How Important Are You?
This week we are focusing on love for our enemies. It’s a worthy topic, and one that I’m sure most of us could learn a bit more about.
There are also verses each day in this study that are there to help support the basic idea, and today’s verse – found in Galatians 6:3 – seems to exist to remind us that we really aren’t all that and a bag of chips.
Check it out:
3For if any person thinks himself to be somebody [too important to condescend to shoulder another's load] when he is nobody [of superiority except in his own estimation], he deceives and deludes and cheats himself.
That’s in the Amplified version. I also liked the New Living Translation:
If you think you are too important to help someone, you are only fooling yourself. You are not that important.
Ouch.
This gets back to biblical servant-hood. You know, that thing we are called to as heirs to the Kingdom of God.

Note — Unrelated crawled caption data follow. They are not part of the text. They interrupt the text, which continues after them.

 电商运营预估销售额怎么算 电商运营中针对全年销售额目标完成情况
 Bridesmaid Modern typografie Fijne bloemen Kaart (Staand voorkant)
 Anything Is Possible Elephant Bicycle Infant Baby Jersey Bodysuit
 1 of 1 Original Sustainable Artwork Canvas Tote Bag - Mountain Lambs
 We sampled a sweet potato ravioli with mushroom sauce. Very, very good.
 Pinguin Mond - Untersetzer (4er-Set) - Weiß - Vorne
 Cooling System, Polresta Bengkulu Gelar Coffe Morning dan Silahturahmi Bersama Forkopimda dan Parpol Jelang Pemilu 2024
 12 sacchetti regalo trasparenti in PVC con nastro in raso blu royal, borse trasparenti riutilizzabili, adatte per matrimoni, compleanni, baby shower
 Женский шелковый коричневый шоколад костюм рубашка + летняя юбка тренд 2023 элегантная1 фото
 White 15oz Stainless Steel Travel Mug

I don’t know about you, but serving my friends isn’t all that challenging. Serving the church, yeah I can do that (after all, it is in my job description). But serving those that I don’t really like? Not so easy. Serving those that have hurt me? Even harder.
But right there in Galatians God is telling me that I’m cheating myself when I find it beneath me to serve someone. I’m deluding myself to think that I’m somehow better than they are.
I’m just not that important.
To myself, of course, I can often times think “I don’t need to do that,” but if I follow through on that thought I’m not following God. I’m setting myself up as my very own idol on my very own pedestal… and I’m going against God.
I don’t want to go against God, because I know who will win every single time… and it ain’t me.
But I also have to fight that battle against my own flesh that wants to do things my own way and doesn’t want to have to fold the laundry or clean the toilets or pick up trash in the auditorium or set up and tear down the sound system twice each week. But I have also seen the blessings that come from doing each of those things – my family has clothes to wear, I’m not embarrassed when someone uses my toilet, the auditorium looks better when everyone else gets there, and relationships and camaraderie are built when I humble myself enough to serve others.
And you know what? I actually like to set up the sound system.
But I’m still scared to crawl under that stage to get the snake out. Can I pass on just that one?